When we come together to worship we're not just "coming to church," we're coming to the city of the living God.

 

But you have come to Mount Zion and to the city of the living God, the heavenly Jerusalem, and to innumerable angels in festal gathering, and to the assembly of the first-born who are enrolled in heaven, and to a judge who is God of all, and to the spirits of just men made perfect, and to Jesus, the mediator of a new covenant, and to the sprinkled blood that speaks more graciously than the blood of Abel.    Hebrews 12:22-24

 

We eat at his table. We make ourselves one with his broken body and his shed blood.

 

The Lord has sent us out to fish, and to our amazement we are finding, as brothers and sisters all over the world are finding, that when we lower the net he draws the fish. Our hands are full, and getting busier. The multitudes are increasing. But while the fishing is unbelievably good as God-thirsty souls are finding their way to us everywhere we go, it's essential that we stay in touch with the source of our life. No need that cries out to us can be allowed to take precedence over our own need of God.
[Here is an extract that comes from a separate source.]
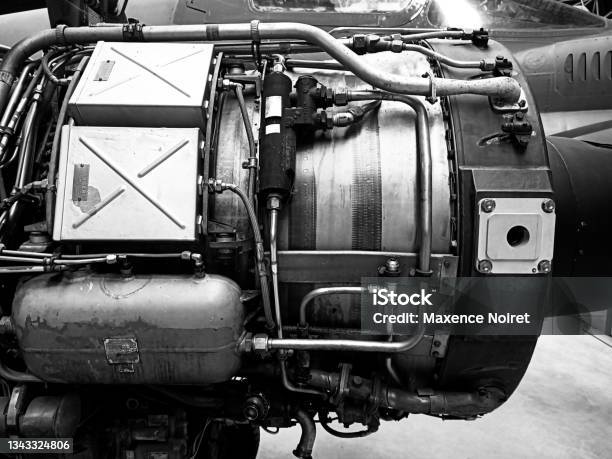 Military Aircraft Engine At Toulouse France Musée Airbus Aeroscopia Stock Photo - Download Image Now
The busier we get and the more complex our life becomes, the more urgent is the need to keep our relationship with Jesus simple and clear.

 

The source of our life is not the heady wine of "success" as we go out there fishing. The source of our life is the cross of Jesus.

 

We can survive without the glamour of success, but we cannot survive without the fellowship of Jesus' cross. And our goal, as fishers of men and women, is not greater and greater numbers, but a cross where we lay our lives down along side of his.

 

If we stay in touch with Jesus Christ and him crucified we will bear much fruit. Souls will be drawn into the kingdom in ways and with an abundance that will stagger our minds. And we will come at last to the place where we will be able to lay down our lives with joy at the feet of our Master.